The California Redevelopment Assn., which represents 350 agencies and more than 300 private development firms, is on the brink of filing a lawsuit against the state after its board voted in October to officially oppose the price tag cities are being asked to pay, said John Shirey, executive director of the association.
If Burbank is asked to pay the funds, which amounts to 33% of the capital improvement budget, development projects will likely be affected in the short term, Community Development Director Sue Georgino said.
“It obviously has implications for us,” she said.
Burbank and the California Redevelopment Assn. have long objected, mostly on constitutional grounds, to the state taking funds for capital improvement projects.

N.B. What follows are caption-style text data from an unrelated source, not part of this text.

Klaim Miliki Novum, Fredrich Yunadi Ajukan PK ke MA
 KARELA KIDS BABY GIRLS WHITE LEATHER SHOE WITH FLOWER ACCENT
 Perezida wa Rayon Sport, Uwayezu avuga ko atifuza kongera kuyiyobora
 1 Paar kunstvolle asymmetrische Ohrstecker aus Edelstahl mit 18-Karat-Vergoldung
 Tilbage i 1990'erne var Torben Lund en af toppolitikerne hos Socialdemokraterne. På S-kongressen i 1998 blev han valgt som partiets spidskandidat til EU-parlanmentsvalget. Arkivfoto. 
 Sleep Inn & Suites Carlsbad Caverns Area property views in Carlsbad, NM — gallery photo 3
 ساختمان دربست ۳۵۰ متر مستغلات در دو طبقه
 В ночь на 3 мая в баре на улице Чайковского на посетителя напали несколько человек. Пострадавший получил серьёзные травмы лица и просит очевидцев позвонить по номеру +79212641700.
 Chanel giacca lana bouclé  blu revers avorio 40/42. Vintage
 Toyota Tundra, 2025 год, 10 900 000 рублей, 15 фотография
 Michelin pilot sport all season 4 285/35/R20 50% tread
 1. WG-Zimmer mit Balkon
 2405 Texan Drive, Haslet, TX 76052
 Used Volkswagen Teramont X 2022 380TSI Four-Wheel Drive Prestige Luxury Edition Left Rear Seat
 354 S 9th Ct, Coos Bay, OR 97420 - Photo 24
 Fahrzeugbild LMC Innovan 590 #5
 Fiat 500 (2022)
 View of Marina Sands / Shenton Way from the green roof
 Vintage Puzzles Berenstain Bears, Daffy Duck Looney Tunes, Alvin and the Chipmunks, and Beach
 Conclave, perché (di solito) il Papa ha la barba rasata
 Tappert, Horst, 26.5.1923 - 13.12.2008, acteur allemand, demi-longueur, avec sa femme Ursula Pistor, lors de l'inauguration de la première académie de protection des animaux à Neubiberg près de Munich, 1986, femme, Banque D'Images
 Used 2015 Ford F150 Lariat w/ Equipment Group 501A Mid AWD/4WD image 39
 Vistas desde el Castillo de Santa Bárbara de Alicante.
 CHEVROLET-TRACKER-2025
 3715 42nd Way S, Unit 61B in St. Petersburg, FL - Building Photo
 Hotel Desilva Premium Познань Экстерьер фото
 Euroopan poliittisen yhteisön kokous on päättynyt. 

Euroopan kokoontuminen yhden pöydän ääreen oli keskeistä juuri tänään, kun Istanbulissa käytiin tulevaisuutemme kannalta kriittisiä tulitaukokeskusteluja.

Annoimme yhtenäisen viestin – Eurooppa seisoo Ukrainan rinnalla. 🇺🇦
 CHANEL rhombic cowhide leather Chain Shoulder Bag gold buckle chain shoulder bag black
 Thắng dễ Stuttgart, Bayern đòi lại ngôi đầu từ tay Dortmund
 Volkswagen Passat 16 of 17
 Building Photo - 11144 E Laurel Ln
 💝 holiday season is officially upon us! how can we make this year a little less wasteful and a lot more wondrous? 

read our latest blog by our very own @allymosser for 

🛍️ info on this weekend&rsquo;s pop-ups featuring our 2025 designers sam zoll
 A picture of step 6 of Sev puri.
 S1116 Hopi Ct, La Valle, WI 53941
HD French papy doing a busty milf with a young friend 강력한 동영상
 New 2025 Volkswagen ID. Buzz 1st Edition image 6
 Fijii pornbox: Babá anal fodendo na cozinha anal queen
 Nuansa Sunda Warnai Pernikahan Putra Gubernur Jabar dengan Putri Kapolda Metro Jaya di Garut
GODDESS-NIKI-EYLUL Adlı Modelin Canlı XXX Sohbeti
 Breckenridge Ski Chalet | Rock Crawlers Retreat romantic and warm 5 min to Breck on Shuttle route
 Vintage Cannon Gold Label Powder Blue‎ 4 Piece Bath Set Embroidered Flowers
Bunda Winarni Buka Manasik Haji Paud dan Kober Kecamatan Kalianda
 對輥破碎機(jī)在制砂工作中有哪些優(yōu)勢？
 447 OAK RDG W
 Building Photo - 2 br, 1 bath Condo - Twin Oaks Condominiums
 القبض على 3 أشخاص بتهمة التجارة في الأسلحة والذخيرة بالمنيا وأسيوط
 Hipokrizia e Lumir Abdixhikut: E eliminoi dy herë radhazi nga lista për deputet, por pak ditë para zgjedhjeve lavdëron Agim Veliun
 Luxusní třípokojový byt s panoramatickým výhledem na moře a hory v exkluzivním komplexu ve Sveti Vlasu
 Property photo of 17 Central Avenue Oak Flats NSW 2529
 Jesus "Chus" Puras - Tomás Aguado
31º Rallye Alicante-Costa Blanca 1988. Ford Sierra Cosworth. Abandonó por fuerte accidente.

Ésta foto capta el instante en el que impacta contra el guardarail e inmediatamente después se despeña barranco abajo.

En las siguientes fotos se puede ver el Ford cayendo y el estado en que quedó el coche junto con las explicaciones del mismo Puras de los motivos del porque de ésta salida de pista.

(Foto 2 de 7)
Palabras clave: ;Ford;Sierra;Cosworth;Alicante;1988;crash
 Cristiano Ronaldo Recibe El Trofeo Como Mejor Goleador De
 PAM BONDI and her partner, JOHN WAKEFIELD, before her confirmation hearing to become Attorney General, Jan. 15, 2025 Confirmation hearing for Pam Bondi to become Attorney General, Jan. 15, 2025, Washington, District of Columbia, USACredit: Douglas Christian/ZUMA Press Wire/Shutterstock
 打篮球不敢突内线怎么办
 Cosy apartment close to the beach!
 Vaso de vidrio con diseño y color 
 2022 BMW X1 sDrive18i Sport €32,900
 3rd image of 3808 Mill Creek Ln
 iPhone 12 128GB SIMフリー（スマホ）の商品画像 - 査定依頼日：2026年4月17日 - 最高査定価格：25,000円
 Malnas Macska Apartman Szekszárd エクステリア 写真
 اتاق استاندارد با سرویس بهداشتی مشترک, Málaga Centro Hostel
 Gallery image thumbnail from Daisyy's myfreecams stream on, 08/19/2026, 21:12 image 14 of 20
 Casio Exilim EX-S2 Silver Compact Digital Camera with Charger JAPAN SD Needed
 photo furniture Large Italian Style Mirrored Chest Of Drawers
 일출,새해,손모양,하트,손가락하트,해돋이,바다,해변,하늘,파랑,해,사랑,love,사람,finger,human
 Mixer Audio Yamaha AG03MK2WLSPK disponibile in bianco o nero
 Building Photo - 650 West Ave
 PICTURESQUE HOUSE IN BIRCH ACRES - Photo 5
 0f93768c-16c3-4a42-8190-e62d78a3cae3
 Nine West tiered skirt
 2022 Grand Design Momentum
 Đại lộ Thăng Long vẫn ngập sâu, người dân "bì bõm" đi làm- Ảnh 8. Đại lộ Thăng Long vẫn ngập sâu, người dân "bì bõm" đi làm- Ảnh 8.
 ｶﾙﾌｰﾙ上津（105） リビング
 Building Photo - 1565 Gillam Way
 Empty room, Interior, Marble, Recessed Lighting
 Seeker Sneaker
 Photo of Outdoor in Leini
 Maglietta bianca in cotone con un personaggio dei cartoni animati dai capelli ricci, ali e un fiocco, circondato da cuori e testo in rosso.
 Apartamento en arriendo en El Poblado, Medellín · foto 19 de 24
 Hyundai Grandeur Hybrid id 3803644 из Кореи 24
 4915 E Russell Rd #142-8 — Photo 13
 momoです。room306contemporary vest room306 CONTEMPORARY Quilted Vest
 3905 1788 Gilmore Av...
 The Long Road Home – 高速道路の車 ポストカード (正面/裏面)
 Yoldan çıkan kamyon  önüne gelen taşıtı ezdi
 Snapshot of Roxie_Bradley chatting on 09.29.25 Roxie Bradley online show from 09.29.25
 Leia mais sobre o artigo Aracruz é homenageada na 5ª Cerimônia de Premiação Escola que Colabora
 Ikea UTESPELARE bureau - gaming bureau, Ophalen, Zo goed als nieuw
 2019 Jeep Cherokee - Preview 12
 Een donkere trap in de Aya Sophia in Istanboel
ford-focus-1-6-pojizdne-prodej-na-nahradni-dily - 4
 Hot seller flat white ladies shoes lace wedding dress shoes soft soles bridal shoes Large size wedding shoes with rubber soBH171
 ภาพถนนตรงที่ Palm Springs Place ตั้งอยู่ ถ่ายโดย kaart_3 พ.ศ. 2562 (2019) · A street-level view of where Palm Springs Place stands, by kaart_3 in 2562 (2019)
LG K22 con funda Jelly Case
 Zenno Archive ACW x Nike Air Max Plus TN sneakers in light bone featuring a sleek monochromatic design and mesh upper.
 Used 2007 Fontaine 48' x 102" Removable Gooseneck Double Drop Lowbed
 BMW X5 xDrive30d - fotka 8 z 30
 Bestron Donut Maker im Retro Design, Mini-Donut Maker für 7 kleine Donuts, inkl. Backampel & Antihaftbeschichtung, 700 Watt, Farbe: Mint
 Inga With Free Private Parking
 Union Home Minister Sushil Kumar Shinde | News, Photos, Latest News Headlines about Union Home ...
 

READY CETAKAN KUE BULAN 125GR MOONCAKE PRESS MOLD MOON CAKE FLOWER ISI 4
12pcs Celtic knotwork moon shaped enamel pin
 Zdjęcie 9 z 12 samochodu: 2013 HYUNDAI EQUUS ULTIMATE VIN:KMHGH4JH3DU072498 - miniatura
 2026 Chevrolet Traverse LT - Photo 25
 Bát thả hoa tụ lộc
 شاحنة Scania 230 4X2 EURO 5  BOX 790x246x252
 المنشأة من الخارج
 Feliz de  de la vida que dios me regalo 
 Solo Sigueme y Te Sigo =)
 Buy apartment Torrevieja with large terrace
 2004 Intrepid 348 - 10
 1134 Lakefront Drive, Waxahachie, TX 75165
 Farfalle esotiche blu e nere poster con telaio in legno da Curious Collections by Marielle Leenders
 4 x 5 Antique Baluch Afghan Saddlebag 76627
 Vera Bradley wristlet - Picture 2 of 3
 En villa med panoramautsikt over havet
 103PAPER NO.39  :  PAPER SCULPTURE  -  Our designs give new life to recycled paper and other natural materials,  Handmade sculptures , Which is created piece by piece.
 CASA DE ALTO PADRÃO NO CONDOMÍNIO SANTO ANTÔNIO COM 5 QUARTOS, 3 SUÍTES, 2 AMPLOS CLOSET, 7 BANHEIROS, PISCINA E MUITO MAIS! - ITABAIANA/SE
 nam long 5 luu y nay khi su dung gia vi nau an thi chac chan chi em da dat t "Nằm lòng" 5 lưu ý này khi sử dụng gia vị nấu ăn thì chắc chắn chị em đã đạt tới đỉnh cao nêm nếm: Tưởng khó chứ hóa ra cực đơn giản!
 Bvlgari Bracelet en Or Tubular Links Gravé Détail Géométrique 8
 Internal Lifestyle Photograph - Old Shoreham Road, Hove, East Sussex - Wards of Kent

The state is not legally entitled to take redevelopment funds, Shirey said, citing Article 16, Section 16 of the California constitution, which reads: “All property in a redevelopment project . . . [shall] not subject to taxation.”
“We feel what the state, as local governments have to do, is find ways to balance budgets by cutting its expenses or raising revenue or both,” Shirey said. “The solution is not to take money from someone else. Once state takes the money, this isn’t going to stop.”
Georgino also fears that state officials will continue to tap local funds as California continues to face a fiscal problem.
“We have a very strong concern that it’s not just one year as an illegal take, but that it’s an ongoing take,” she said.
But state officials have maintained that the $350-million payment is a one-time fee.